Leaving out all pictures, copy the lines below exactly, from the line with "Tapas Food Walking" to the last line, both ends included.

____

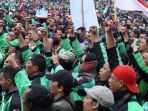 sejumlah-massa-ojek-online-berunjuk-rasa-saat-demo-di-depan-gedung-dprmpr-ri_20180628_230642.jpg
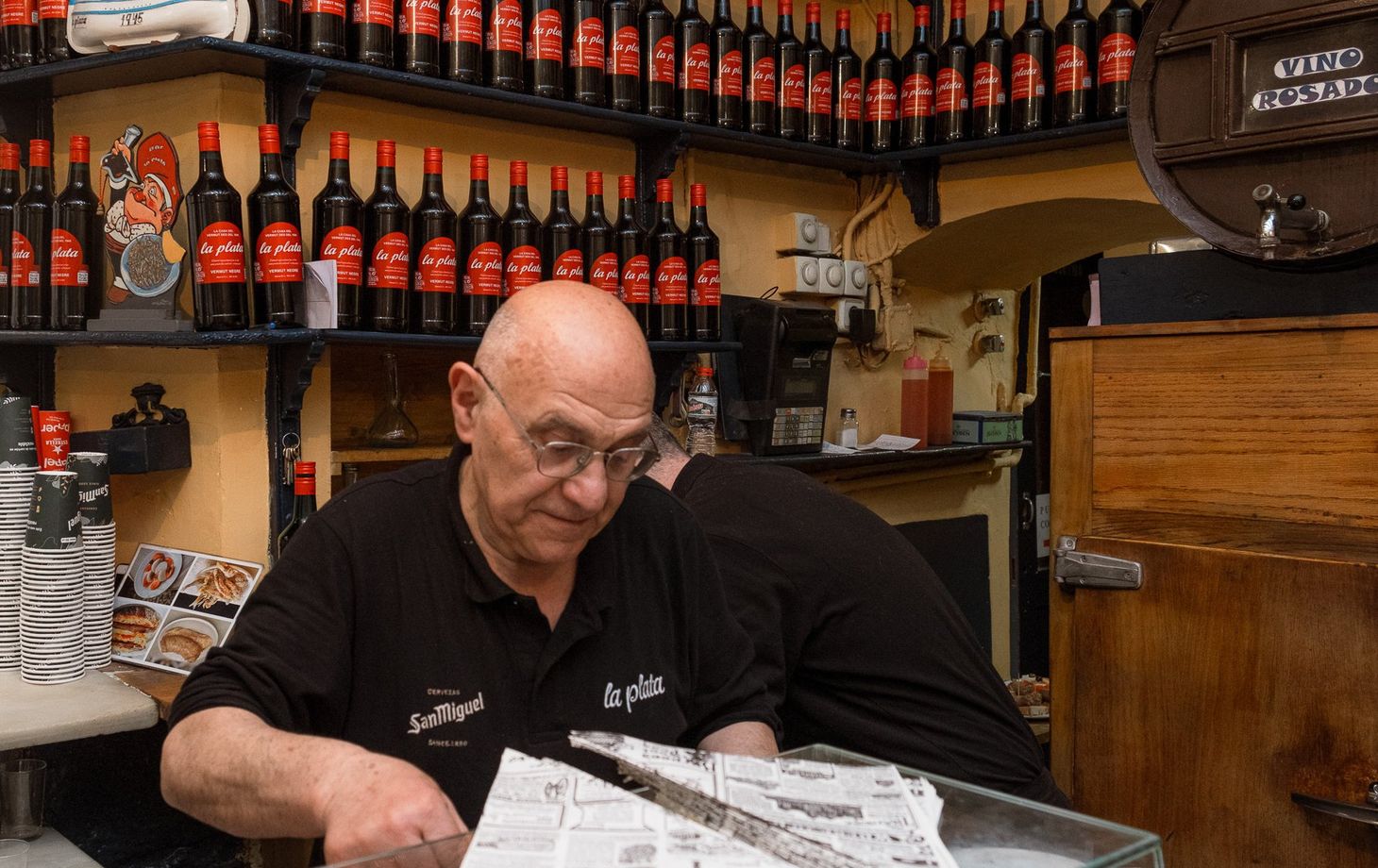 Tapas Food Walking Tour with Drinks in Barcelona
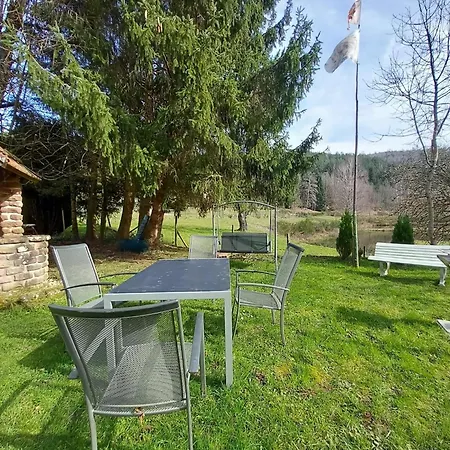 Nature Retreat In Lorraine, Cleaning Included Hébergement de vacances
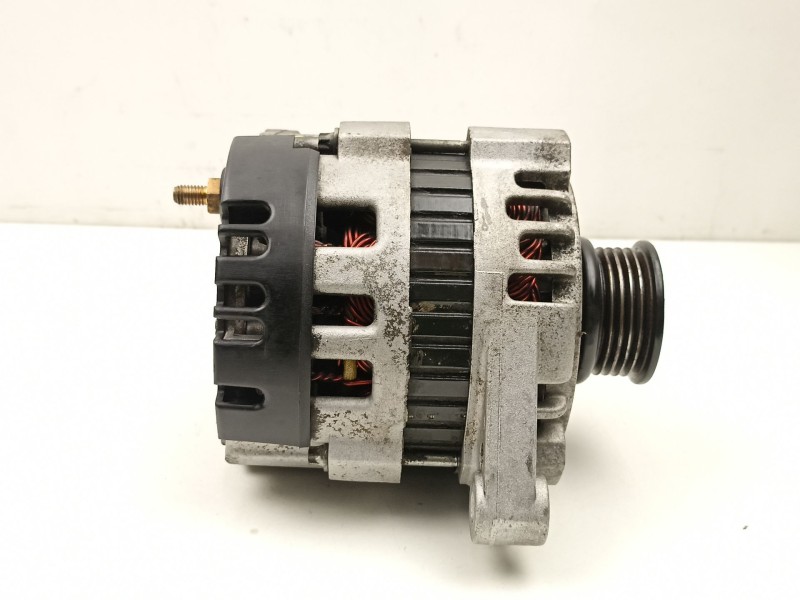 Recambio de alternador para daewoo lanos (klat) 1.3 referencia OEM IAM 96303556  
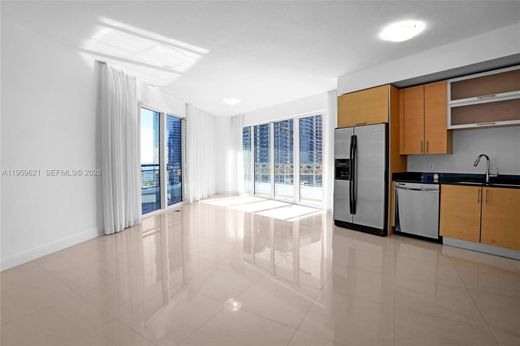 Жилой комплекс, Майами, Miami-Dade County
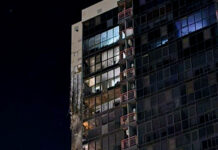 Жилой дом в Батайске поврежден во время массированной атаки дронов, в Ростове есть пострадавшие Поврежденная многоэтажка в Батайске //Фото очевидца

____

» **OUTPUT FOR THIS TASK**
 Tapas Food Walking Tour with Drinks in Barcelona
 Nature Retreat In Lorraine, Cleaning Included Hébergement de vacances
 Recambio de alternador para daewoo lanos (klat) 1.3 referencia OEM IAM 96303556  
 Жилой комплекс, Майами, Miami-Dade County
 Жилой дом в Батайске поврежден во время массированной атаки дронов, в Ростове есть пострадавшие Поврежденная многоэтажка в Батайске //Фото очевидца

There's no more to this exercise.